In [1]:
%load_ext autoreload
%autoreload 2

In [2]:
import logging
import os
from glob import glob

import datetime as dt
import matplotlib.pyplot as plt
import numpy as np
import numpy.ma as ma
import pandas as pd
import plotly.express as px
import plotly.graph_objs as go
import plotly.io as pio
import xarray as xr

from dask.distributed import Client
from IPython.display import Image, HTML

In [3]:
from icenet.data.sic.mask import Masks

Load data from numpy files

In [4]:
root = "../pipeline"
name = "sipn_test_0_south_forecast"
dates = [dt.date(*[2022, 12, 1])]

In [5]:
def get_prediction_data_nb(root: object, name: object, date: object) -> tuple:
    """
    Based on IceNet library v0.2.7.
    
    Ref:
    https://github.com/icenet-ai/icenet/blob/cb1cb785808ba1138c0ed0f8f88208a144daa6ff/icenet/process/predict.py#L63-L89
    """
    glob_str = os.path.join(root, "results", "predict", name, "*",
                            date.strftime("%Y_%m_%d.npy"))

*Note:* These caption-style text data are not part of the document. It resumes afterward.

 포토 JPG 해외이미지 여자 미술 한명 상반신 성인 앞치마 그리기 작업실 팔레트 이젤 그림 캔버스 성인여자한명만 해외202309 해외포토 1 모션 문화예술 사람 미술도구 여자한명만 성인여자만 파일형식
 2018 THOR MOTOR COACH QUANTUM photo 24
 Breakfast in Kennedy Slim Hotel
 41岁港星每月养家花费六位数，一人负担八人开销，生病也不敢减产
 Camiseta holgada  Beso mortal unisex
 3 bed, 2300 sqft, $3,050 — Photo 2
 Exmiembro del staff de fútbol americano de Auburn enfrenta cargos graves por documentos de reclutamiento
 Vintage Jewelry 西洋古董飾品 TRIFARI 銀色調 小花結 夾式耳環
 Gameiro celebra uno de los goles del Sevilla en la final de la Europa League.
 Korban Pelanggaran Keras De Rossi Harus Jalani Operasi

    np_files = glob(glob_str)
    if not len(np_files):
        logging.warning("No files found")
        return None

    data = [np.load(f) for f in np_files]
    data = np.array(data)
    ens_members = data.shape[0]

    logging.debug("Data read from disk: {} from: {}".format(
        data.shape, np_files))

    return np.stack([data.mean(axis=0), data.std(axis=0)],
                    axis=-1).squeeze(), data, ens_members

In [6]:
arr, data, ens_members = get_prediction_data_nb(root, name, dates[0])

# Make sure we're only working with the 90 days needed for the SIPN South submission.
data = data[..., :90]

print("Number of ensemble members:", ens_members)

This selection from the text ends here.